Return the stretch from the line with "Helga Fell: Die" through the line with "Hot Rod's Spicy" in the data below, character for character, skipping all pictures.

DATA UNDER STUDY ▸
════

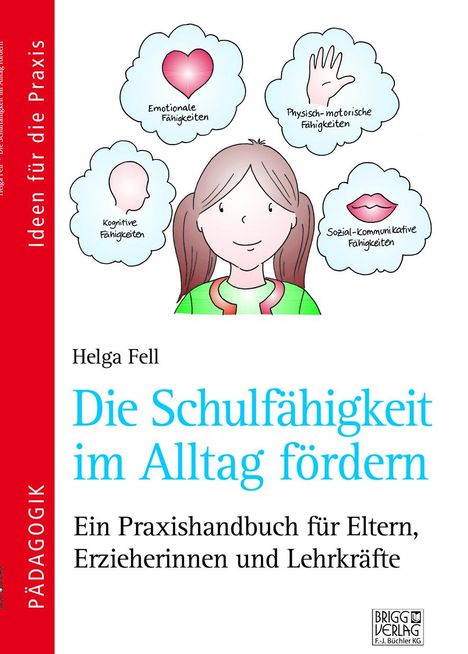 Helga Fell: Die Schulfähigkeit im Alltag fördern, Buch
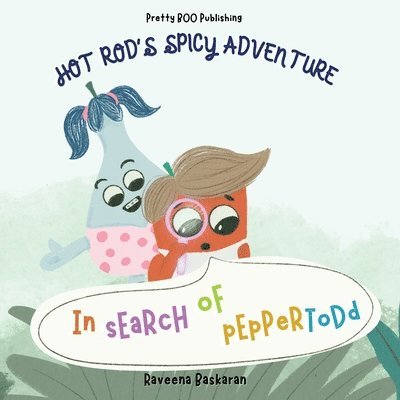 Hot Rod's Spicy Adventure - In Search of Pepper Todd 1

════

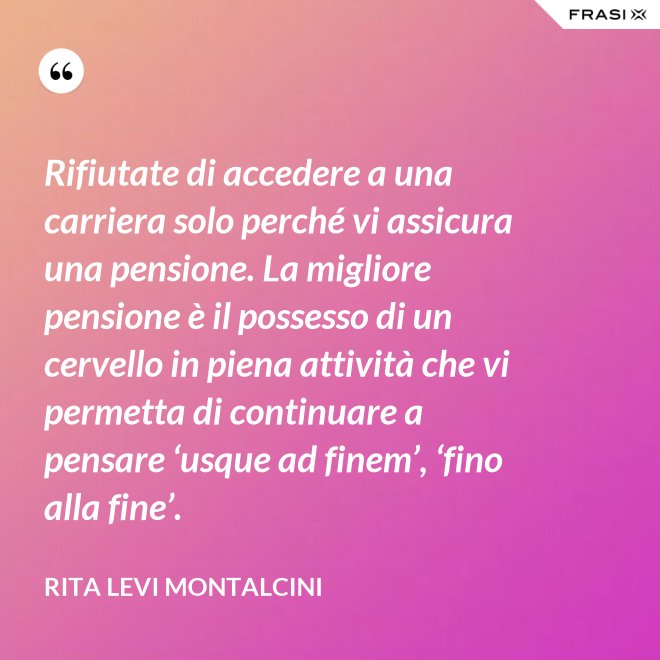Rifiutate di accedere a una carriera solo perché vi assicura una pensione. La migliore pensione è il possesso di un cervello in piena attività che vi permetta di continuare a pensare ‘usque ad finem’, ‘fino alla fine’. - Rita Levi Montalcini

════

ANSWER ▸
 Helga Fell: Die Schulfähigkeit im Alltag fördern, Buch
 Hot Rod's Spicy Adventure - In Search of Pepper Todd 1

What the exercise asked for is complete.